Two types of features were found to be highly correlated with prices, size-related features (and the number of rooms), and quality and condition features.
The living area above ground, the total number of rooms above ground (excluding bathrooms), and the area of the garage are all correlated with sale prices.
4) Quality & condition
As for the quality features, better qualities are associated with high prices intuitively. But for the different condition levels, the relationship is not significant, as the conditions are very concentrated at the middle level (5/10), which distorts the relationship with sale prices.
- Pools – Excellence of pools is associated with significantly higher prices. When modeling, either transforming this variable to a Y/N feature or tree-based models is able to better handle this pattern.
- Number of fireplaces - Might be correlated with house size as larger houses may have more fireplaces.
- Utilities and Exterior - houses with public utilities generally have higher prices than those with septic tanks. And sale prices vary among different exterior types.
New features were created or condensed to assist the analysis.
- Age of the house- Year that the house was sold – Year house was built or remodeled
- Age of garage- same approach
- of bathrooms- adding the full bathrooms and half bathrooms
- of bathrooms in the basement- same approach
- Low-quality area above ground / Total area- this “low-quality ratio” is considered as it negatively affects the house’s sale price
With all the features selected and created by this step, I first label encoded ordinal variables into numerical. Then for all the numerical features, two analyses were conducted to further select features,
- correlation matrix among all numerical features to detect and resolve multicollinearity
- univariate analysis with house sale prices to refine features selection
Through the selection process, 58 numerical and categorical features are used for modeling prior to dummifications.
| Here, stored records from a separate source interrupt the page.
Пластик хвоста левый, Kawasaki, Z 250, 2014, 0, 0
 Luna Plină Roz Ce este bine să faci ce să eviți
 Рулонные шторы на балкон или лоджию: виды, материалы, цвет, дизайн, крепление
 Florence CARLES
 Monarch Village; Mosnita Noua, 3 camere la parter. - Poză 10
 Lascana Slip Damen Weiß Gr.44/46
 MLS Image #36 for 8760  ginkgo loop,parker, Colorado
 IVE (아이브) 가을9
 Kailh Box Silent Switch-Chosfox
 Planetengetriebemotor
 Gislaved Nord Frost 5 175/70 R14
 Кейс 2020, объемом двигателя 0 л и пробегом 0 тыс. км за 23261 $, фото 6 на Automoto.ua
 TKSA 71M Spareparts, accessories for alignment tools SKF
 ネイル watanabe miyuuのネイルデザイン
The data is split by 70%-30% for training and testing respectively. Seven different models were fitted including linear models, non-linear models and tree-based models (MLR, ridge, lasso, elastic-net, SVR, random forest and XGBOOST). Those models are tuned by the grid search and the results are as follows,
- XGBOOST is the best model with the best performance both on training and testing
- From the prediction perspective, a tree-based model in general performs better than linear models.
To better understand the model, I checked the feature importance for Lasso model and XGBoost model even though the results may not be intuitive as predictive models. Lasso is the good modeling choice for feature selection and XGBoost the is best predictor.
Although some important features cannot be explained by common sense, it is clear that overall quality, garage capacity, above-ground living area, number of fireplaces, etc. are the major price influencers in predictive models as well, which is also consistent with EDA conclusions.
As for the next steps of this study, the analysis would dig deeper into feature selections and feature engineering to generate optimal features for modeling. Additionally, modeling tuning is time-consuming. The analysis could be expanded with a wider range of hyperparameter selections to further improve predictive performance.